Descarga sinfónica en Cubadisco
La Habana.- En los conciertos de la Feria Internacional Cubadisco 2009 confluyeron lo popular academizado y lo académico popularizado, como bien se pudo apreciar en las galas sinfónicas de inauguración y clausura gracias a la inclusión de instrumentos y géneros musicales tradicionales en Cuba y Puerto Rico, el invitado de honor este año.Otros programas, como la Fiesta de la Guitarra en homenaje al Maestro Leo Brouwer, así como varias sesiones del Coloquio y los Talleres, también contribuyeron a la mejor comprensión teórica de los valores contenidos en la obra de creadores e intérpretes.

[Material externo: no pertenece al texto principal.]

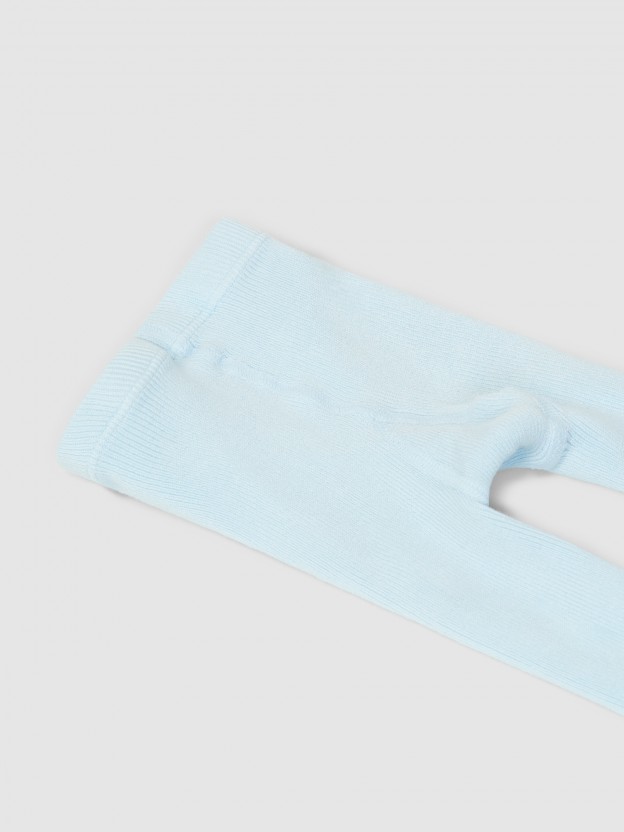 Collants basiques fins côtelées Cóndor Collants basiques fins côtelées Cóndor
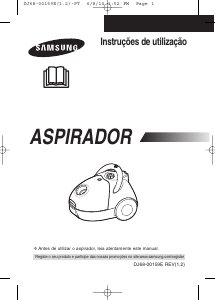 Manual Samsung VC-5916V Aspirador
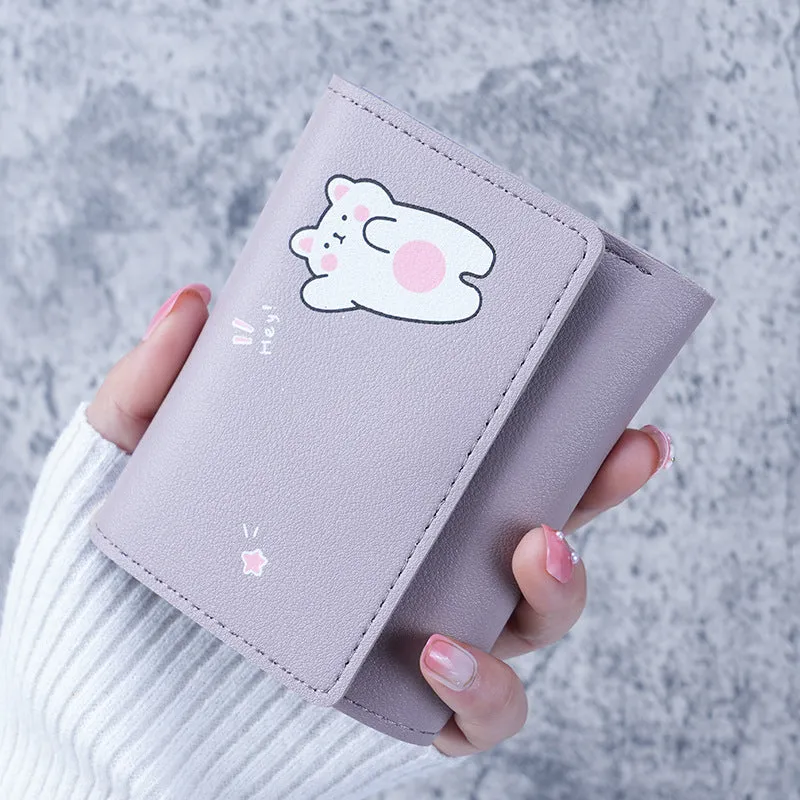 Women's Comfortable Korean Short Simple Clutch Ladies Wallets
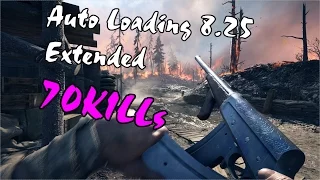 Battle Field1 [Verdun 70Kills  Autoloading 8.25 Extended]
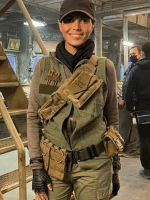 Sheila Shah The Expendables 4 Green Vest - Image 2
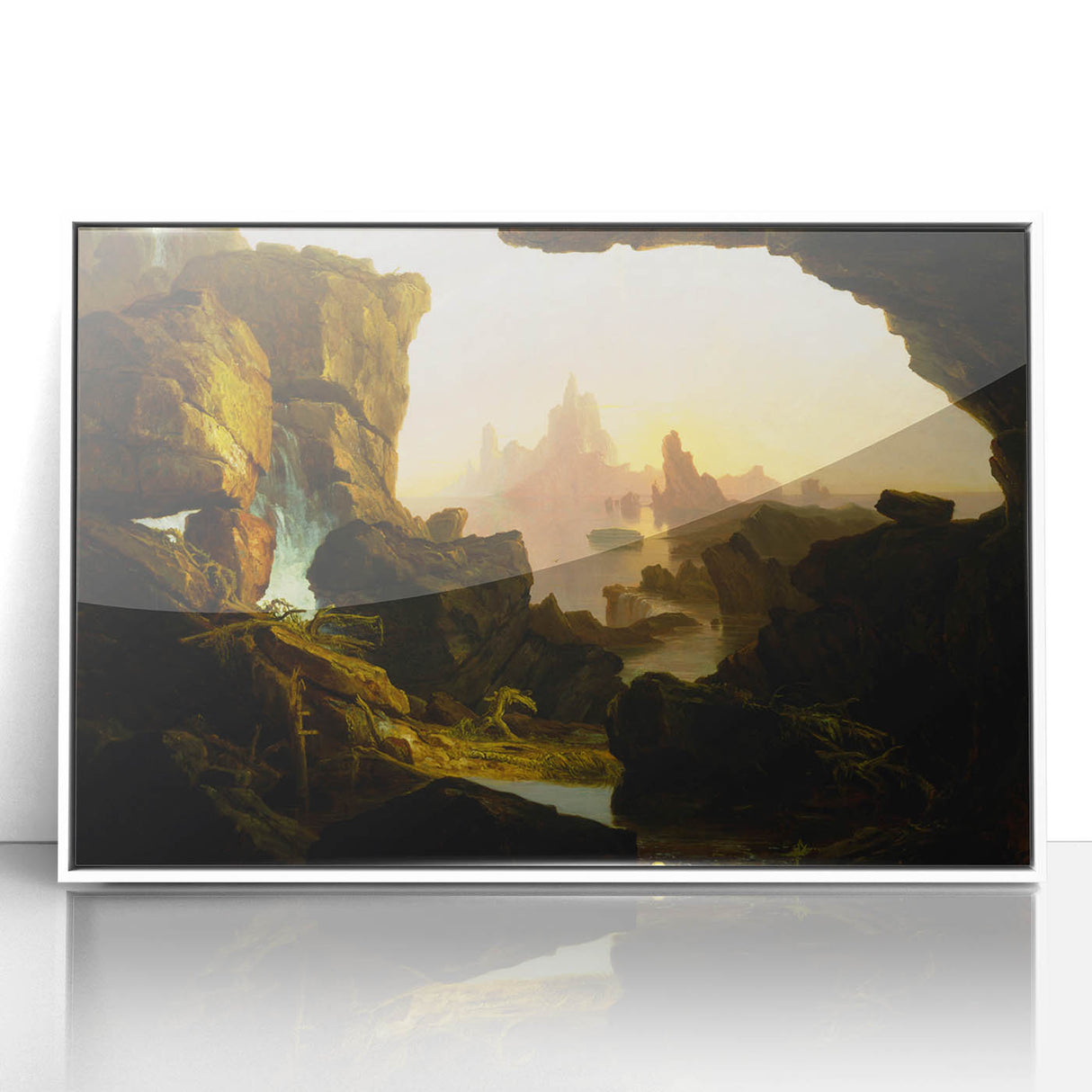 Romanticism Art: The Subsiding of the Waters by Thomas Cole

En la gala sinfónica inaugural fue el Maestro Guido López Gavilán quien asumió como director y compositor dos de sus obras enmarcadas en esa confluencia: De cámara traigo un son enfatiza lo poético y, en su apelación al modo de escucha más comedido, evade la explosividad sonera, a la que deja sólo una sección intermedia de contrapunteo en pizzicatos que van paseándose por los instrumentos de arco.
Fue una imagen de síntesis en lo que al manejo de raíces musicales se refiere; y sus Cantos de Orishas transitan igual por momentos evocadores de nuestros ancestros, reflejando su resonancia en una sensibilidad actual que los proyectan hacia nuevas dimensiones, donde lo rítmico no deja de tener una imprescindible presencia, sólo que incorporando armonías y timbres evocadoras de nuevos espacios, transfiguran lo ritual -incluso desacralizándolo- al incorporarles nuevas claves a las originales, como una prolongación del sentir propio, sacando a los orishas, los dioses del panteón afrocubano, para ponerlos a caminar por las calles, cubanas y del mundo.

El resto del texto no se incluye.